This is apparent to any shareholder who has heard about a company’s new revenue opportunities being offered via emerging software-based and data-driven services. As predicted by McKinsey and other analysts, the industry will see a 70/30 revenue split between vehicle sales and new services by 2030.
With revenue for the industry in the hundreds of billions of dollars, this potential to add a technology-based revenue of 30% without needing to produce more physical goods is a worthwhile endeavour.
However, the introduction of software-defined vehicles comes with its own complexity due to the 100 million lines of code present in each modern high-end vehicle. This much code earns such vehicles the prize of being some of the most complex software systems around, second only to Google when considering their full suite of services.
Automotive cybersecurity is the prerequisite for modern connected vehicles
The combination of software and internet connectivity represents a vulnerability to potential cyber attacks. Therefore, the safe launch and running of connected and software-defined vehicle services depend heavily on the deployment of a data-driven cybersecurity program.
It is not an exaggeration to state that the role of the cybersecurity community today is not just to protect individual assets from potential cybersecurity attacks, but rather to protect those new strategic revenue streams that will help the transformation of OEMs from “Car Co’s” to “Tech Co’s”.

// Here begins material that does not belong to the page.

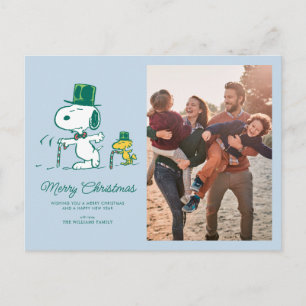 Postal Festiva Caramelo de menta sombrero de Snoopy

Positive ROI from vehicle cybersecurity investments
Understanding the capabilities of the data collected by cybersecurity teams pivots the traditional view of cybersecurity from an expense to an investment.

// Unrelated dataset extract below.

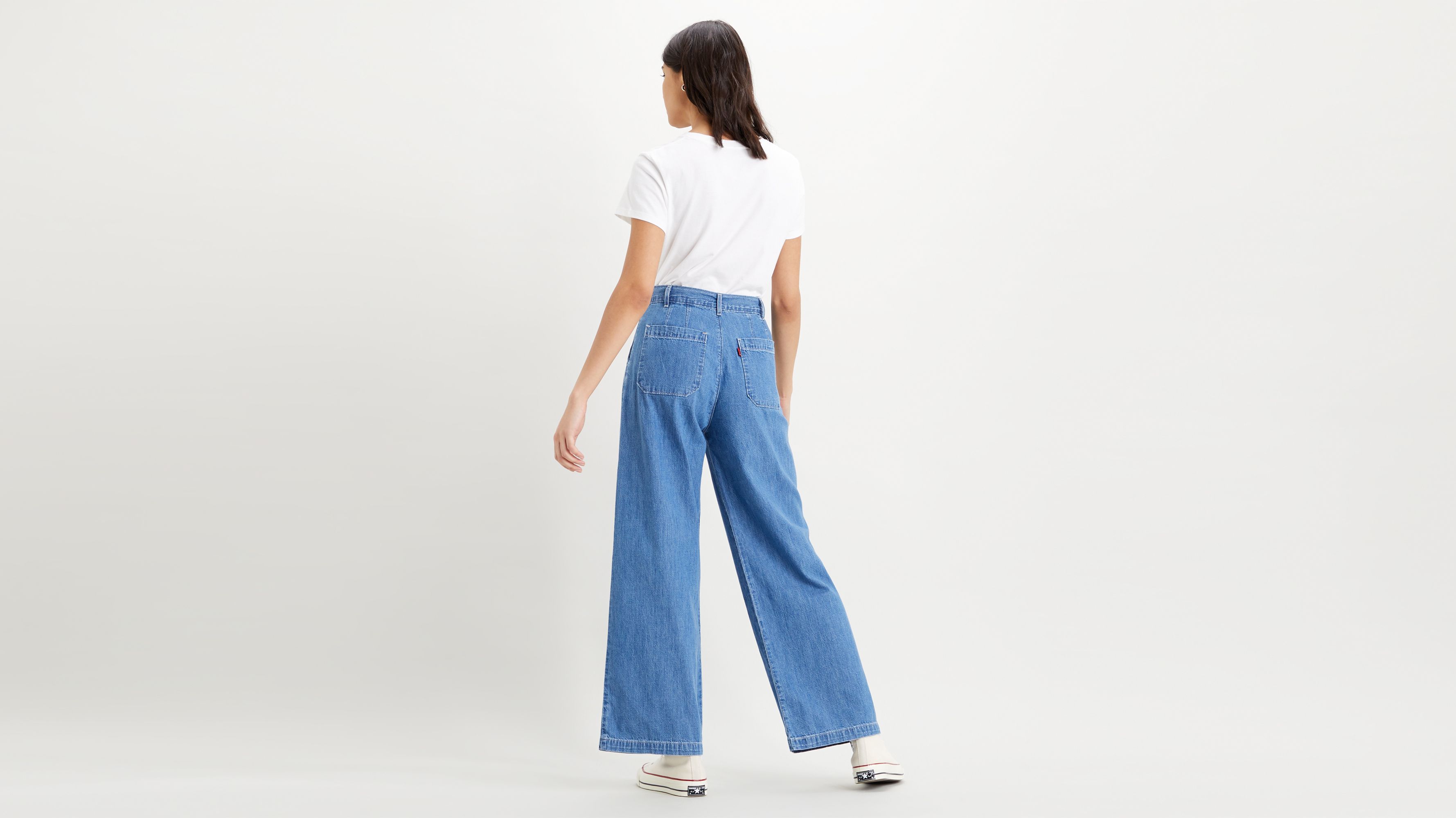 Pleated Wide Leg Trouser - Medium Wash | Levi's® US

A recent paper from Porsche Consulting even states that cybersecurity is not a box to check for upcoming regulations but a matter of competitive advantage. Yet, it has taken a new set of regulations to create a sense of urgency around this topic, with some OEMs making significant upfront investments, whilst other OEMs have chosen to implement a phased approach in the next three years.
In light of increasing volumes of cyber attacks, as regularly reported by Upstream’s threat intelligence analysts, it’s hard to understand why OEMs would choose to delay the implementation of state of the art cybersecurity monitor-detect-respond solutions and vehicle security operation centres (or VSOCs). Hackers in the field do not differentiate between OEMs who are moving quickly and those who take their time. Our deep and dark web automotive analysts have seen hackers colluding to discover weaknesses and vulnerabilities anywhere they can.
What OEMs must consider is not whether or not they should have an immediate comprehensive cybersecurity operation in place but rather how to do it and what is the path of least resistance in achieving their cybersecurity and data management goals.
In-house SIEM vs. automotive cloud cybersecurity solution
Whether to build or buy is a pivotal decision that all OEMs must make when looking to comply with standards and regulations, as well as begin utilising vehicle data.
While an in-house SIEM-based solution may be a top choice for experienced IT specialists, it falls short of meeting the unique in-field demands of modern connected vehicles.
To address this challenge, leading OEMs have looked to Upstream’s cloud-based cybersecurity and data management platform to obtain regulatory compliance, rapid time-to-market, accurate data collection and anomaly detection, and utilise their domain expertise to achieve the required scalability.